Problem description: For this exercise, copy all the data exactly and include none of the pictures.

Content starts

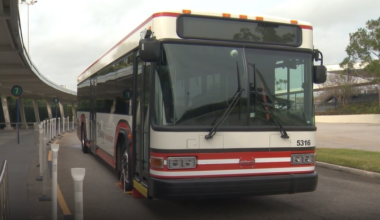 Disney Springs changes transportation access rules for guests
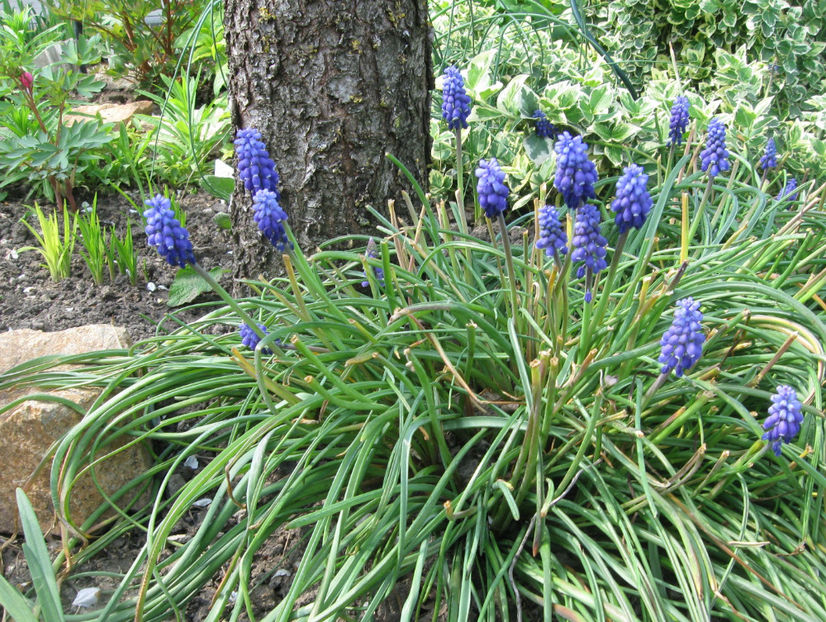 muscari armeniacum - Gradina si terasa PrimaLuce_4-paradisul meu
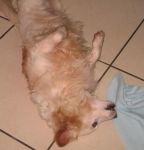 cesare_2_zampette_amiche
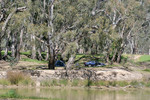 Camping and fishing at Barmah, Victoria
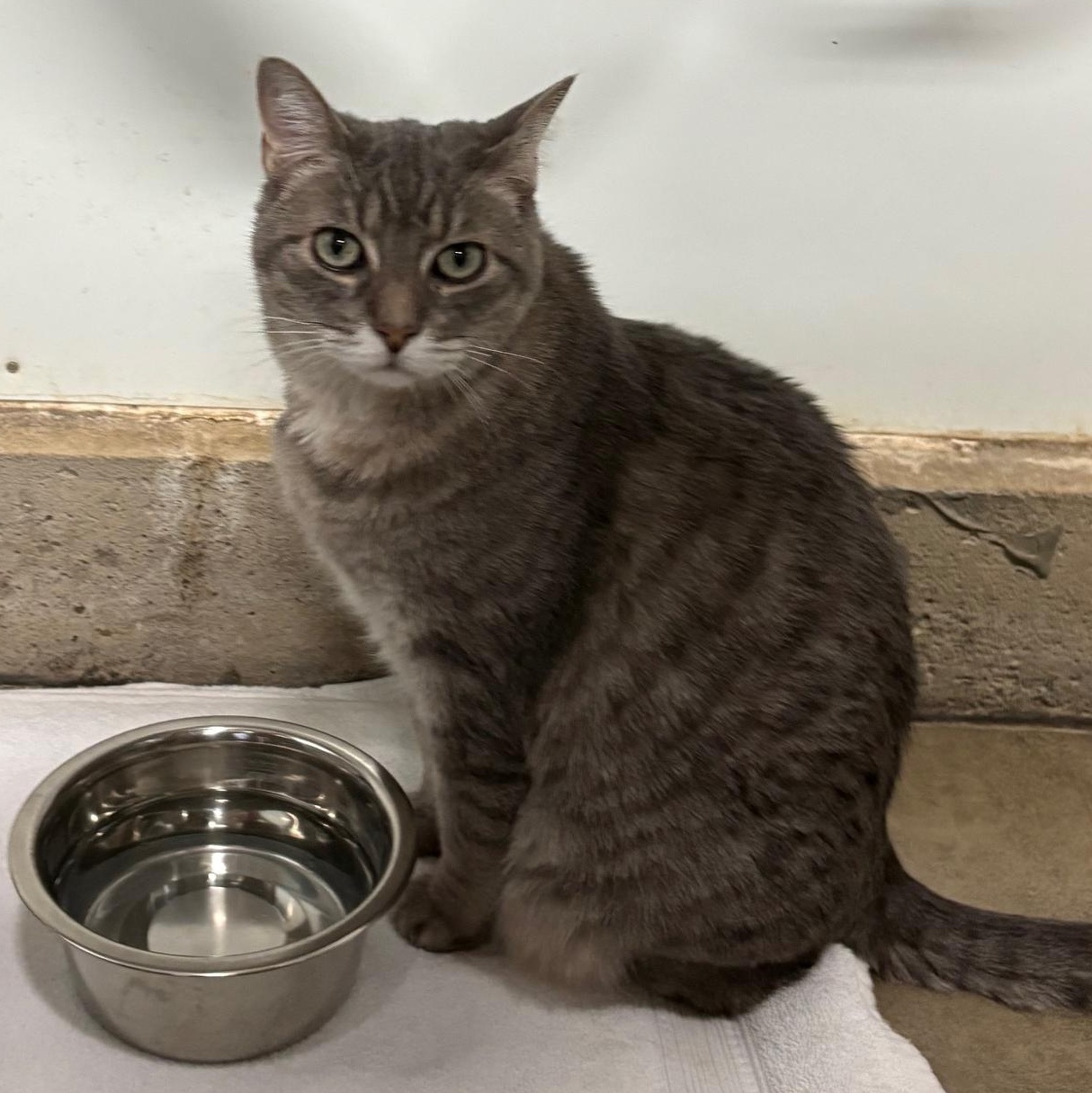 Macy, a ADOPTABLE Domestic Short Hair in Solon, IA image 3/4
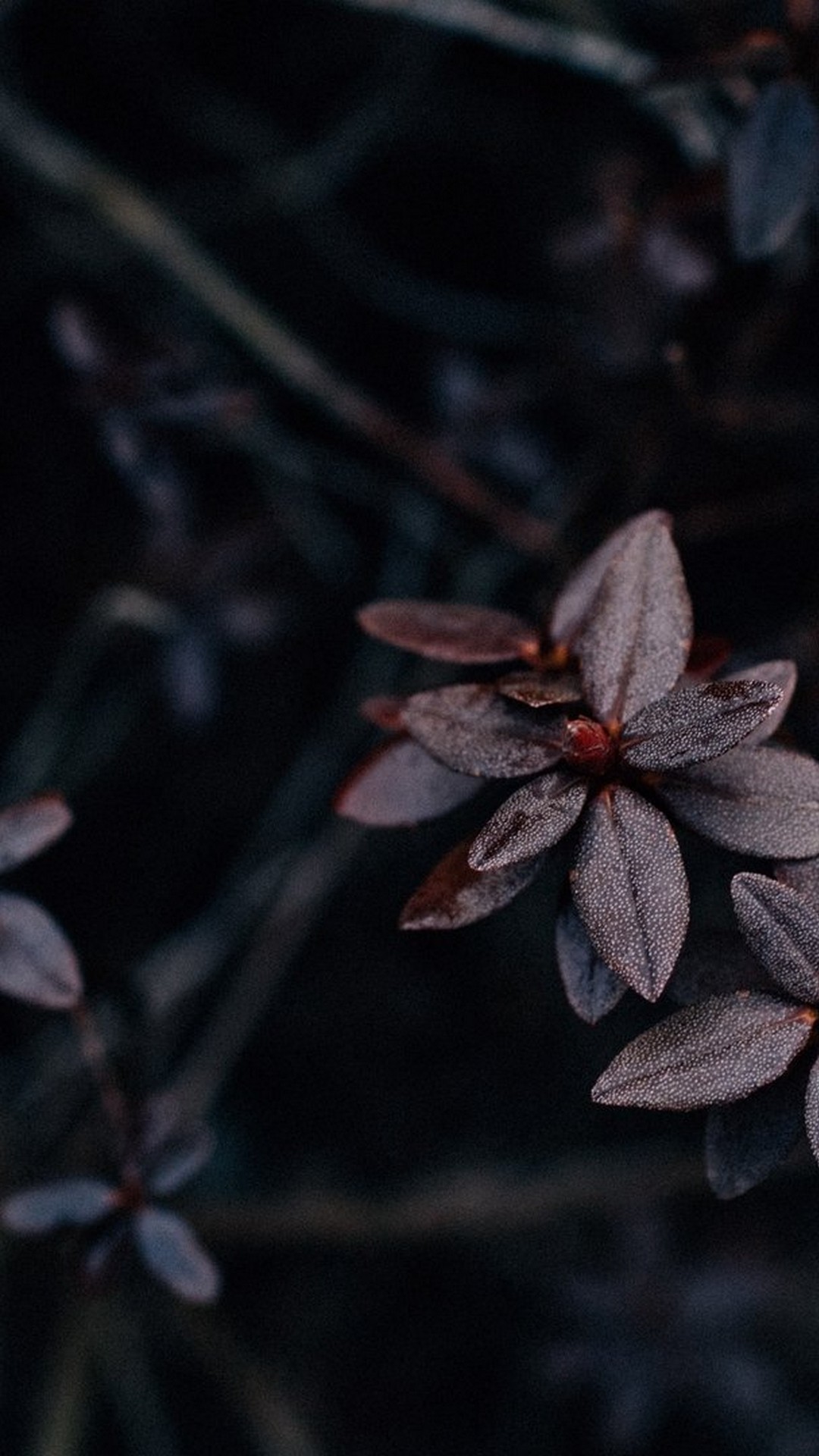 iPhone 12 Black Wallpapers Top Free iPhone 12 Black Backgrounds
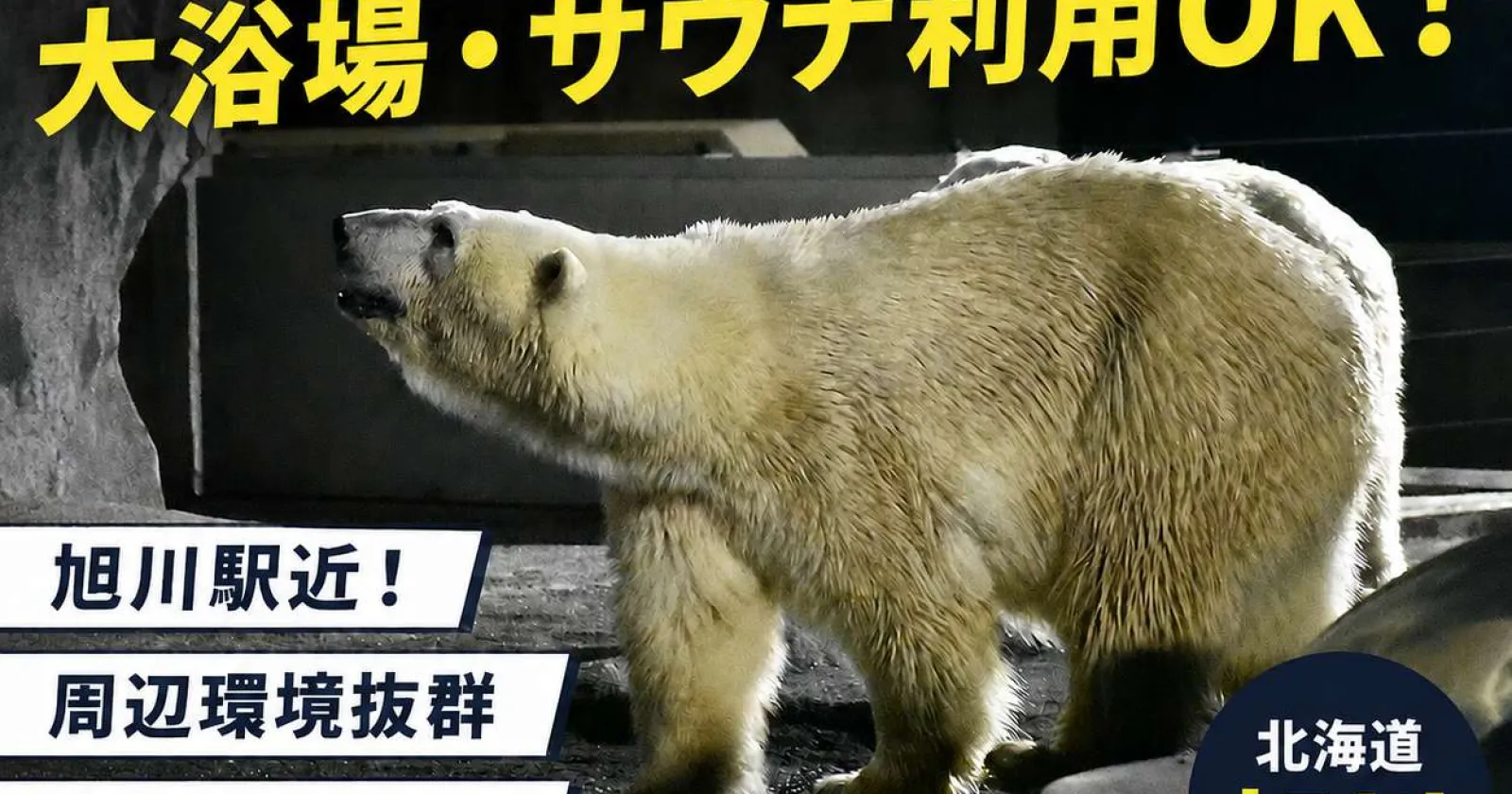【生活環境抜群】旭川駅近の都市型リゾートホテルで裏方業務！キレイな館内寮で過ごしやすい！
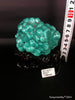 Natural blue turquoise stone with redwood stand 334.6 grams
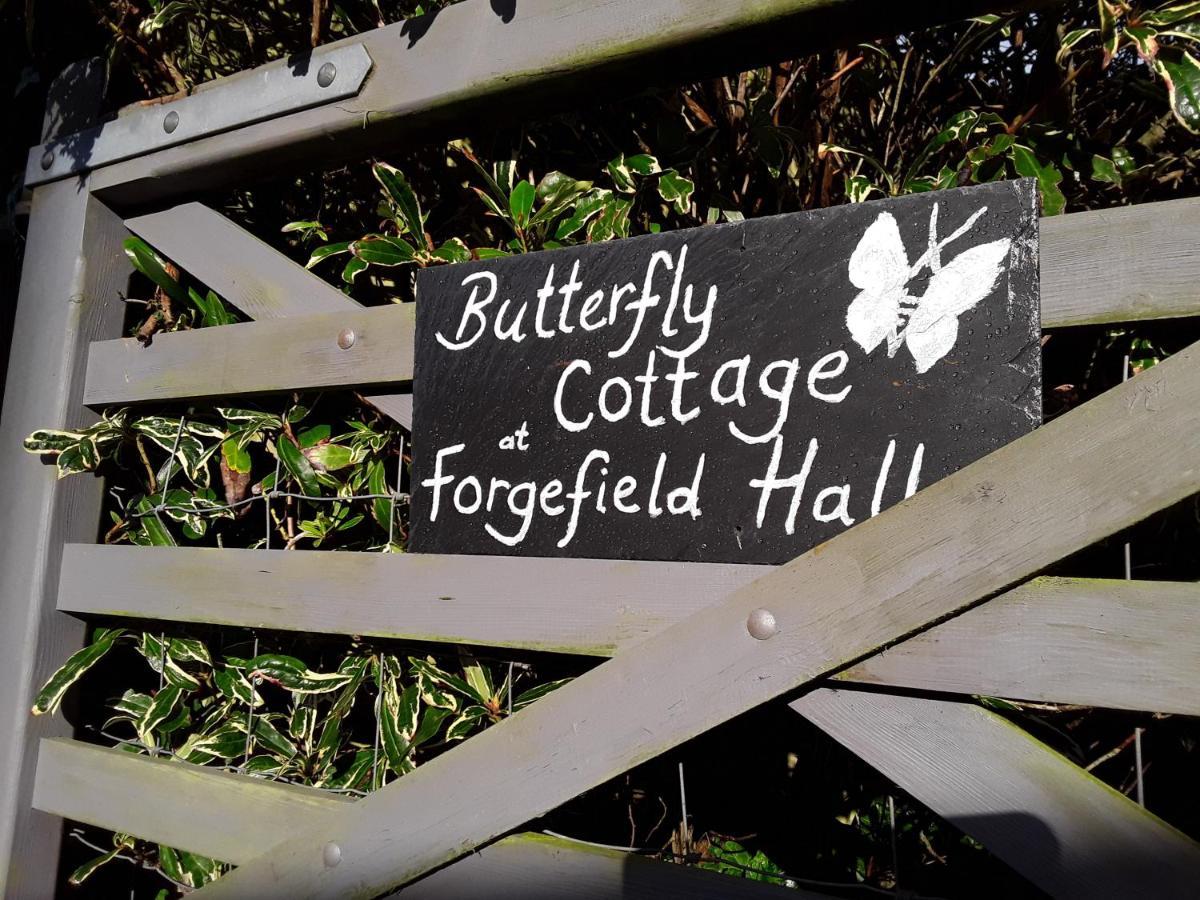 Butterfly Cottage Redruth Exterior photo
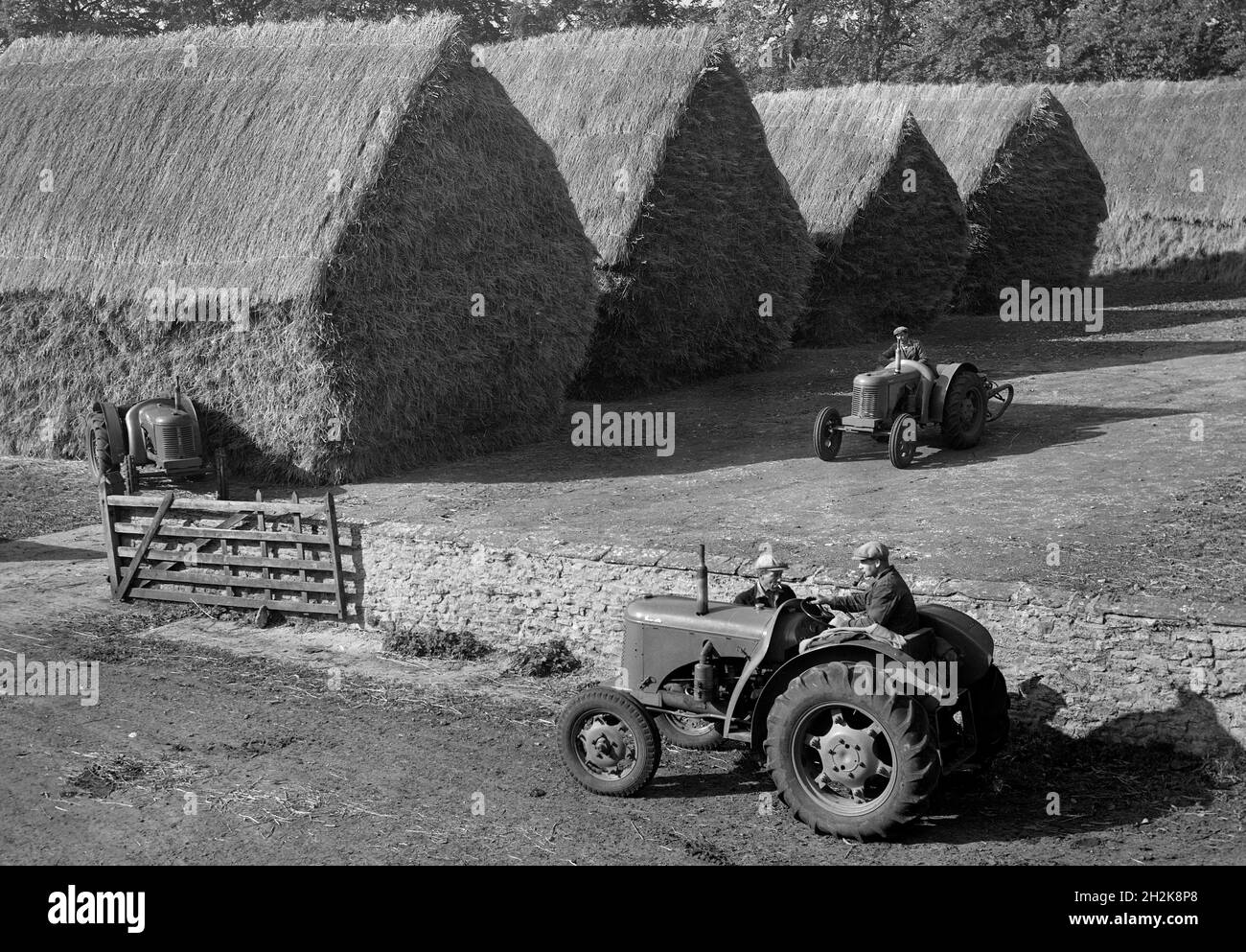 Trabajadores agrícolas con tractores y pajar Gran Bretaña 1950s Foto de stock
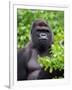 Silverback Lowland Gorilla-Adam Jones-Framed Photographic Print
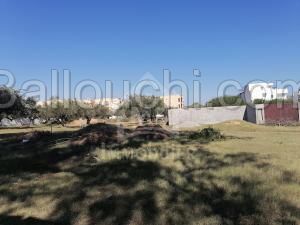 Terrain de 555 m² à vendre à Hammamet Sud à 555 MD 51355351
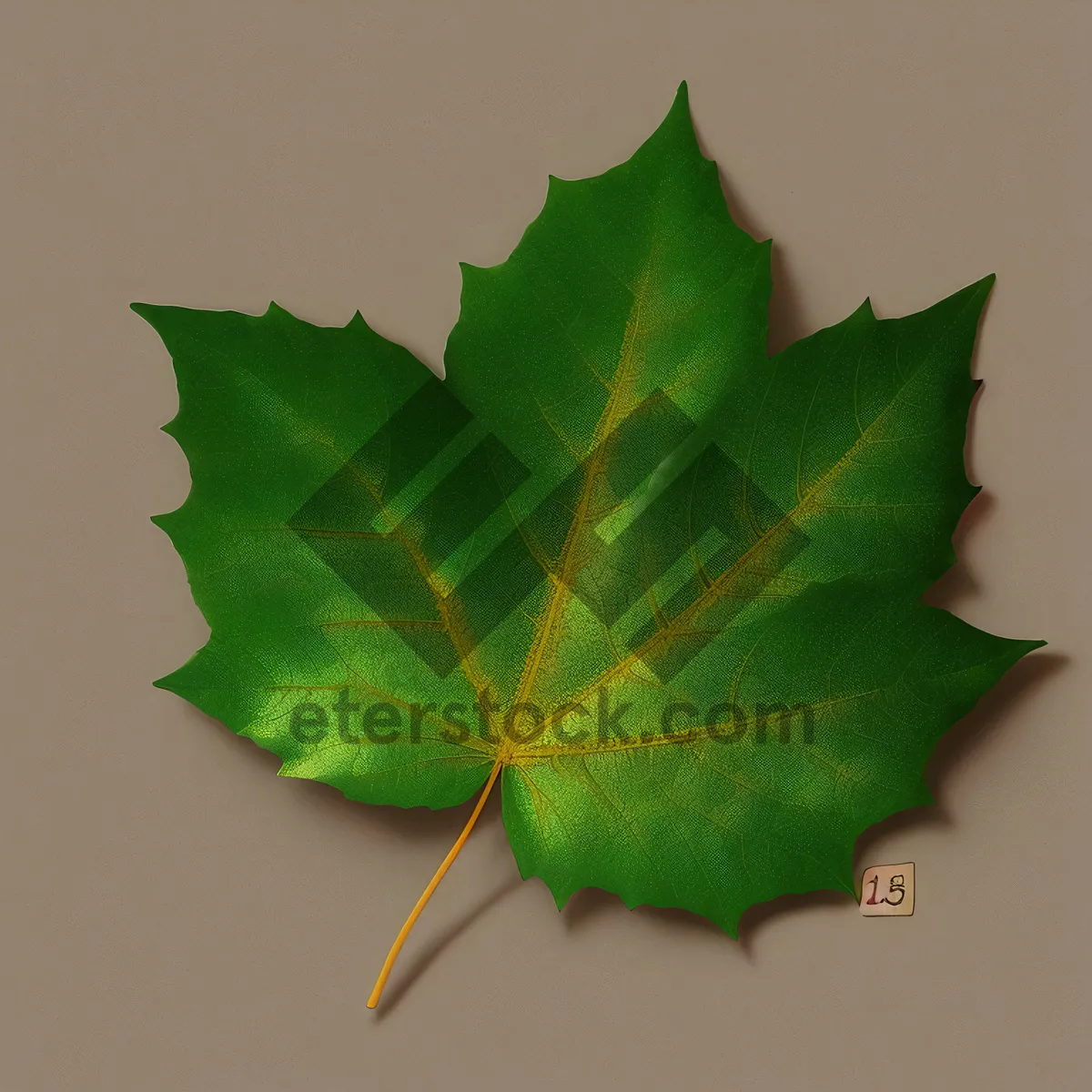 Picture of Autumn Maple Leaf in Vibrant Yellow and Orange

Content ends

Response to the task:
 Disney Springs changes transportation access rules for guests
 muscari armeniacum - Gradina si terasa PrimaLuce_4-paradisul meu
 cesare_2_zampette_amiche
 Camping and fishing at Barmah, Victoria
 Macy, a ADOPTABLE Domestic Short Hair in Solon, IA image 3/4
 iPhone 12 Black Wallpapers Top Free iPhone 12 Black Backgrounds
【生活環境抜群】旭川駅近の都市型リゾートホテルで裏方業務！キレイな館内寮で過ごしやすい！
 Natural blue turquoise stone with redwood stand 334.6 grams
 Butterfly Cottage Redruth Exterior photo
 Trabajadores agrícolas con tractores y pajar Gran Bretaña 1950s Foto de stock
 Silverback Lowland Gorilla-Adam Jones-Framed Photographic Print
 Terrain de 555 m² à vendre à Hammamet Sud à 555 MD 51355351
 Picture of Autumn Maple Leaf in Vibrant Yellow and Orange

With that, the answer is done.